App.: Deep brown with a light mocha veil. Aroma: Strong, rich, malty, tangy and funky, Sauvignon Blanc notes, some wild character with Lambic notes (a little rubber, barnyard, etc.), bitter green herbs, some sour fruit, wood notes, white pepper, minerals, lemons, nice. Palate: Medium body, restrained effervescence. Flav.: Dark dried fruits, rich sweet malt notes, the tang, funk and wild are turned way down here, surprising, seems like a very tangy porter, some peppery spiciness, maybe it is subliminal advertising, but there are some wine notes in the finish; off-dry with some bitterness, gentle tang and a deep sour cherry and molasses finish.

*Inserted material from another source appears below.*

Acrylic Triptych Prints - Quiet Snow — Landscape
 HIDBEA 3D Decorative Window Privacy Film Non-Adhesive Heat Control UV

Very interesting and complex. The tartness is not missed!

3.6
   AROMA 7/10   APPEARANCE 4/5   TASTE 7/10   PALATE 3/5   OVERALL 15/20
ryanfolty (754) - Minneapolis, Minnesota, USA - DEC 3, 2011
Date: December 3, 2011 Mode: Bottle Source: BVery Description: Opaque dark brown pour with no head or lacing, grape and brett in aroma, taste like a whit wine wth a sour dry finish, light to medium bodied.

3.9
   AROMA 9/10   APPEARANCE 4/5   TASTE 8/10   PALATE 3/5   OVERALL 15/20
BVery (2538) - Burnsville, Minnesota, USA - DEC 3, 2011
Bottle. Dark brown pour with a fairly minimal head. Awesome sour nose with brett, grape, and wood. Medium palate. Taste has the same elements as the nose, but the nose is a little more pleasing. Good stuff.